Giraffic is a Tel Aviv-based company that had developed "Adaptive Video Acceleration" (AVA) software to improve the performance of streaming video. It sold primarily to OTT Video Apps Providers and to Consumer Electronics Device Manufacturers, such as LG, ZTE and Samsung.

Giraffic's AVA technology was acquired in 2019 by Roku, Inc. The Company claimed to continue development of its Distributed Adaptive Storage (DASS) technology towards distributed storage systems, creating a distributed online backup service for consumers based on blockchain technology.

==History==
The company was founded in 2008 by Gil Gat, Boris Malamud and Yoel Zanger. Prior to co-founding Giraffic, Yoel Zanger co-founded New-Tone Technologies, a value-added services platform for mobile applications based on advanced voice and data technologies.

Giraffic was headquartered in Tel Aviv, Israel. Prior to its 2019 acquisition by Roku, it had sales offices in the United States, Korea, and Hong Kong. Key personnel included Menashe Rothschild, Jeffrey Parkinson, Bhupen Shah, Anton Monk, Gregg Bernard, Mitch Singer, and Levy Gerzberg. Investors included KEC Ventures, Samsung Ventures and Previz Ventures.

==Technologies==
Giraffic's Adaptive Video Acceleration (AVA) software debuted at CES 2015, where the company demonstrated its video product on Samsung Smart TVs, Broadcom IP set-top boxes, and Intel Puma Home Gateway.

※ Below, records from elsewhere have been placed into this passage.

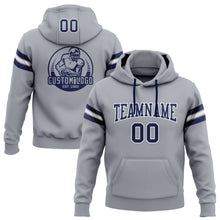 Load image into Gallery viewer, Custom Stitched Gray Navy-White Football Pullover Sweatshirt Hoodie
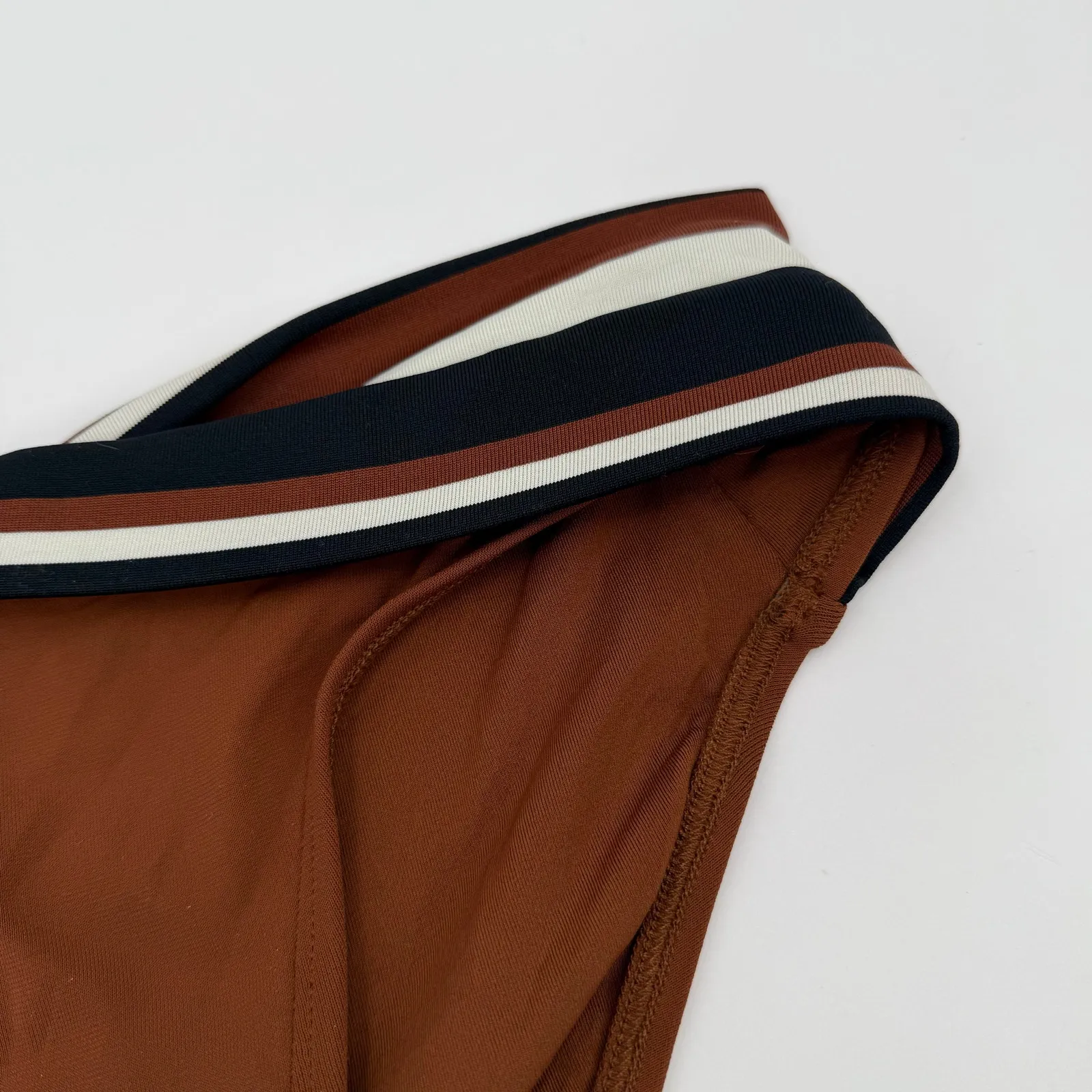 Robin Piccone Simone Twist Bikini Bottom Extra Small NEW Stripe Swim Cocoa NWOT - Image 9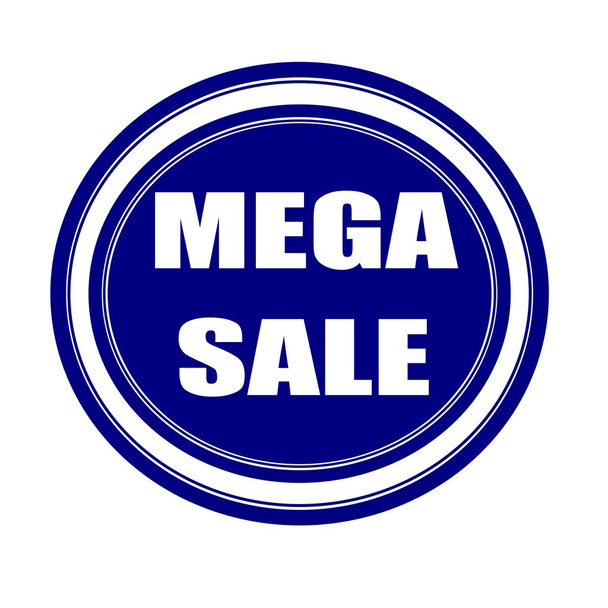 Mega Sale weißer Stempeltext auf blauem Grund - Foto, Bild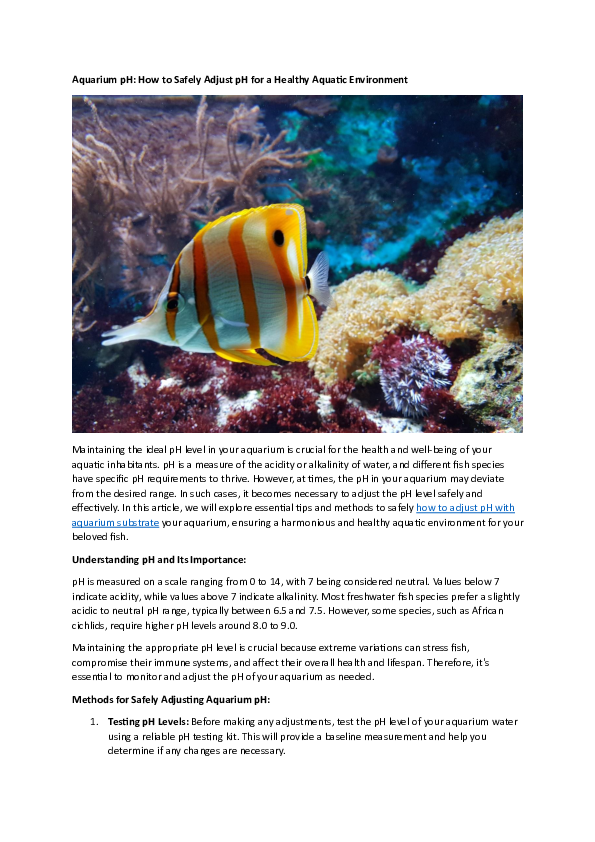 Curated visual reference: Saltwater Aquarium Acid Adjustment For Beginners Reference: Pdf Aquarium Ph How To Safely Adjust Ph For A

Giraffic's Distributed Adaptive Storage and Streaming (DASS) software was deployed 2010–2012 as a peer-to-peer Content Delivery Network (P2P-CDN) by video websites including Veoh.com, Mako.co.il and Craze Digital. In 2020 the company pivoted this technology towards development of distributed online backup service for consumers.

== Patents ==
- US Patent 14/287,276 IL 231685 SYSTEM AND METHOD FOR PREDICTIVE BUFFERING AND NETWORK SHAPING
- US Patent 9306860. A congestion control method for dynamically maximizing communication link throughput. Filing date, October 14, 2013
- US Patent 8473610. Proactive Storage. Filing date, June 22, 2011
- . Asynchronous data streaming in a distributed network. Issued March 1, 2012

==Partners==
Samsung and LG use Giraffic's Adaptive Video Acceleration (AVA) technology.

==Competition==
Companies who competed with Giraffic included Akamai and Google.